§ **INPUT DATA**:
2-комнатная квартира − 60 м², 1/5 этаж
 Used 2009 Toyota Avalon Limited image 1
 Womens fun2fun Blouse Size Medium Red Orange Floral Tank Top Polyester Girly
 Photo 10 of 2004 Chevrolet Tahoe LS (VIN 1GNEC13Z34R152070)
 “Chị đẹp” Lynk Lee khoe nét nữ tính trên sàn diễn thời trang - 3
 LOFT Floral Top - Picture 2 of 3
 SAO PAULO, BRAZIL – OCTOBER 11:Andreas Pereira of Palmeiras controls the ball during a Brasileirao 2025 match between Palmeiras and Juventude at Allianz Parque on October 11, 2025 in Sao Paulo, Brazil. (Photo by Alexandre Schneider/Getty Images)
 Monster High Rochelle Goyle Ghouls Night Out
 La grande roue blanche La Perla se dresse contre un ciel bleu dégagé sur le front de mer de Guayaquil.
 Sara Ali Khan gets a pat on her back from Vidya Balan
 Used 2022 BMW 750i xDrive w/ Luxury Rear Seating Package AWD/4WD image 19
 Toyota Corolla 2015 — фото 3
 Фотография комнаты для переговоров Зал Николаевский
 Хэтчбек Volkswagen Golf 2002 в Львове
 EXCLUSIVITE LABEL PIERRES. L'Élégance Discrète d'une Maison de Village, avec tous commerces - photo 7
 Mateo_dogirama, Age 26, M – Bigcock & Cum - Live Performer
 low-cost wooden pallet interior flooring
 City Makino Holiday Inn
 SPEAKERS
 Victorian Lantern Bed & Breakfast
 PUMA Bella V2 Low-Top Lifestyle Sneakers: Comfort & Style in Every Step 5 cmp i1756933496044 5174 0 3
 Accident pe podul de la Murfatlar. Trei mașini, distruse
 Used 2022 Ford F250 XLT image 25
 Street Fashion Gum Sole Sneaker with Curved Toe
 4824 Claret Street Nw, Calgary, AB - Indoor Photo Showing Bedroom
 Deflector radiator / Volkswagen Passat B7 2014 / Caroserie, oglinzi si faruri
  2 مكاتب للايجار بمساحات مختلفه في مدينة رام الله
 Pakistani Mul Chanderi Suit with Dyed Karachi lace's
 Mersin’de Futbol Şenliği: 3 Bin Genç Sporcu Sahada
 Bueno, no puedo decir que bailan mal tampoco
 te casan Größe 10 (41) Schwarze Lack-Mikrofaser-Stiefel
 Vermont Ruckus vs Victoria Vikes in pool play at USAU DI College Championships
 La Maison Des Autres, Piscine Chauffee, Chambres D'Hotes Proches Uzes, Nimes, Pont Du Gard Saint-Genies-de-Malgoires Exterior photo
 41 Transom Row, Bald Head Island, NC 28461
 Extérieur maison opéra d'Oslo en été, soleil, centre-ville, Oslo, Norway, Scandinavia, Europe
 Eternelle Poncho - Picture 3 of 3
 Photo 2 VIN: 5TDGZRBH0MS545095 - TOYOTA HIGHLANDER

§ **TASK DESCRIPTION**: Working through the records, find each line containing the word "Volkswagen" and copy it.

§ **RESPONSE TO THIS EXERCISE**:
 Хэтчбек Volkswagen Golf 2002 в Львове
 Deflector radiator / Volkswagen Passat B7 2014 / Caroserie, oglinzi si faruri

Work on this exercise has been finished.